Philip Eskew, DO, JD, MBA
Member, ACOFP Federal Legislation and Advocacy Committee
The current volume of required documentation is a daily contributor to mental fatigue and job dissatisfaction for many family physicians. Spending non-reimbursed, expected time navigating a patient’s complicated history is challenging enough. Osteopathic family physicians should not need the skills of a software engineer to navigate a third party driven electronic medical record (EMR) interface. Unfortunately, we are not the end user of the EMR (and neither is our patient). The end user is the third party payor, for whom it was designed.
Whether we are checking a box for a quality metric that should not apply to our patient or find ourselves attempting to explain to a third party payor lacking medical training why a particular intervention is necessary—stressors all add up. Direct primary care (DPC) physicians are fortunate in not having to spend as much time on these types of particular third party inefficiencies. Some administrative inefficiencies are still faced by all providers. Let's focus on three examples and what you can do to reduce stressors.
What do you do when your patient asks you to fill out prior authorization paperwork?
- Consider asking the patient to remain in the room with you during the entire process.
- Consider recording the phone call.
- Consider requiring that the third party payor or patient reimburse you for doing their time-consuming, required work. You can access sample forms or watch this video to learn more about this approach. Neither will likely pay the provider, but future requests for similar items may be discouraged.
What if your patient is having difficulty acquiring a cash price for a procedure, durable medical equipment, radiologic testing or a referral?
It is prudent to not spend time arguing with administrative workers at these other offices. Educate your patient about their Health Insurance Portability and Accountability Act rights as modified by the Health Information Technology for Economic and Clinical Health Act. Outside a few narrow circumstances all patients have a right to demand and receive cash pay pricing (even when they have insurance).

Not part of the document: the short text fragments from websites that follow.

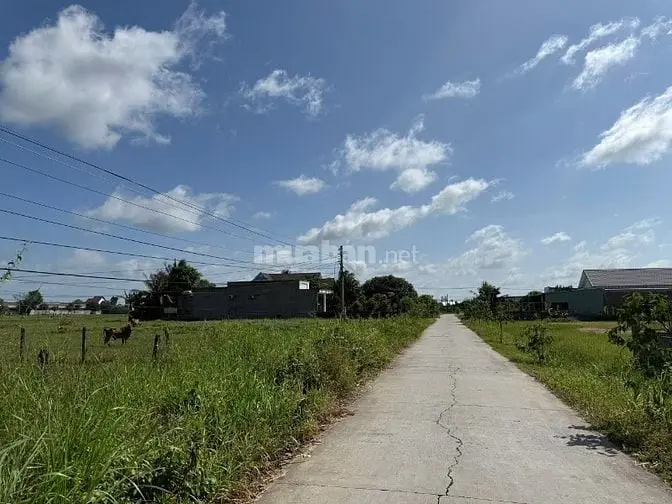 6018977 ảnh đại diện 1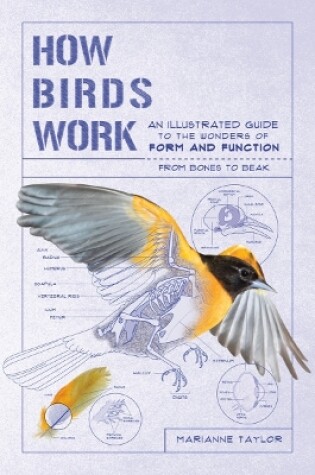 Cover of How Birds Work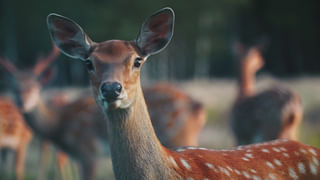 Heavy Rains: ఉత్తరాదిని ముంచెత్తుతున్న భారీ వర్షాలు.. పొంగిపొర్లుతున్న నదులు.. రెడ్‌ అలర్ట్‌!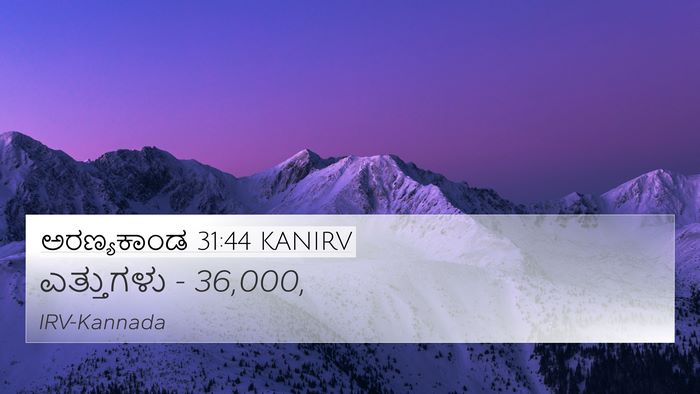 ಅರಣ್ಯಕಾಂಡ 31:44 KANIRV 4K Wallpaper - ಎತ್ತುಗಳು - - 4K Wallpaper Bible Verse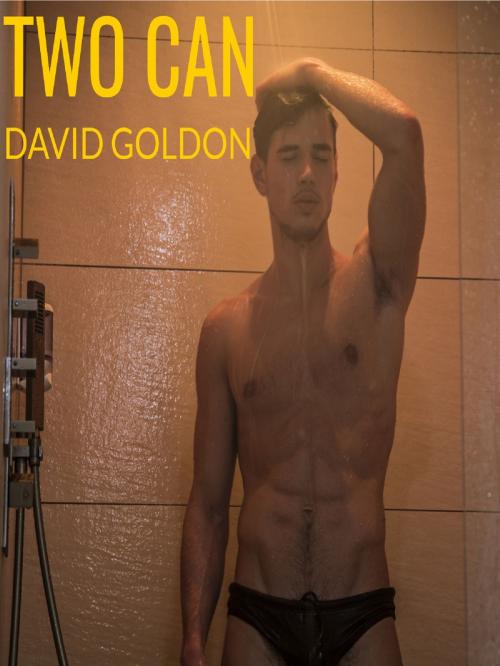 Cover of the book Two Can by David Goldon, David Goldon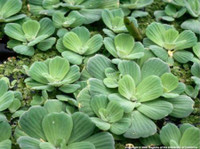 Water Lettuce - Easy Growing Floating Plants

What if an insurance company is declining to pre-approve a requested radiologic study, imaging or procedure?
Demand a peer-to-peer call and request that your patient be present during the call, informing them that the patient is present. Explain things once via phone and then with a follow-up letter (copying to the patient) that explains why the intervention is necessary. If the request is denied there is no need to have a lengthy back and forth with the insurer. Now the patient has witnessed the exchange, and you can allow the patient to decide what to do next. The patient could:
- Appeal by following insurance company procedures,
- File a medical board complaint against the denying physician, or
- Seek legal action having an attorney contact the third party payor.

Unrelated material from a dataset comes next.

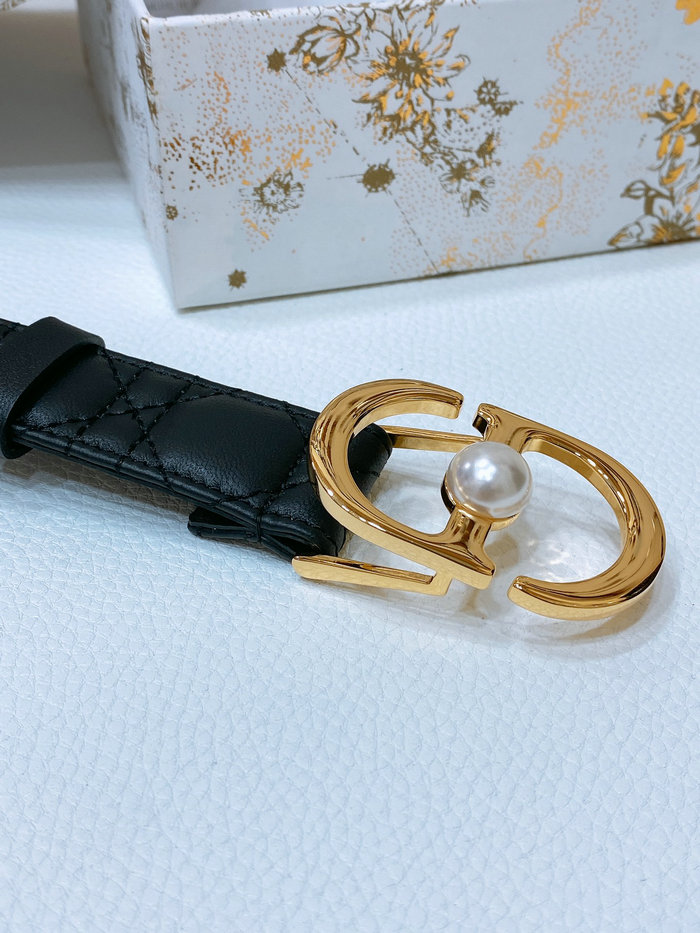 Dior Belt WBD62804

2022 ACOFP Principles of Healthcare System Reform: Reducing Unnecessary Paperwork Requirements
ACOFP recognizes that burdensome paperwork requirements are contributing to the physician shortage and are ultimately inhibiting appropriate and accessible patient care, and the call to reduce these unnecessary requirements is one of our 2022 Principles of Healthcare System Reform.
Federal programs from the U.S. Centers for Medicare and Medicaid Services (CMS) like the Medicare Quality Payment Program are intended to improve patient care while reducing spending but unfortunately have also increased the administrative burden on physicians. Other programs—such as the U.S. Centers for Disease Control and Prevention's Patients Over Paperwork initiative and Meaningful Measures Framework—have attempted to reduce paperwork requirements, and the U.S. Health Resources and Services Administration—through the U.S. Department of Health and Human Services—announced plans to distribute funding intended to strengthen resiliency and address burnout in the healthcare workforce. Despite these measures, ACOFP believes more must be done.
In response to the desire to improve efficiencies to osteopathic family physicians, since late 2020, ACOFP has identified, monitored, and pursued advocacy opportunities, including the following, to address reducing burdensome paperwork requirements:
- Attended the CMS 2022 Quality Conference Session: Re-Envisioning Quality: A Cross-Federal Perspective, based on the CMS National Quality Strategy (April 12, 2022)
- Attended Senate Committee on Health, Education, Labor and Pensions (HELP), Subcommittee on Employment and Workplace Safety hearing: Recruiting, Revitalizing & Diversifying: Examining the Health Care Workforce Shortage (February 10, 2022)
- Attended House Energy and Commerce Subcommittee on Health hearing: Empowered by Data: Legislation to Advance Equity and Public Health (June 25, 2021)
- Submitted acomment letter on Proposed Modifications to the HIPAA Privacy Rule to Support, and Remove Barriers to, Coordinated Care and Individual Engagement (April 22, 2021)
- Submitted a comment letter on Calendar Year (CY) 2021 Physician Fee Schedule (PFS) and Quality Payment Program (QPP) proposed rule (October 5, 2020)
Hopefully, these activities will give physicians ideas on how to reduce burdensome documentation, alert and educate our elected officials about the difficulties associated with redundant/unnecessary paperwork, and demonstrate to our membership these problems, leading to possible resolution.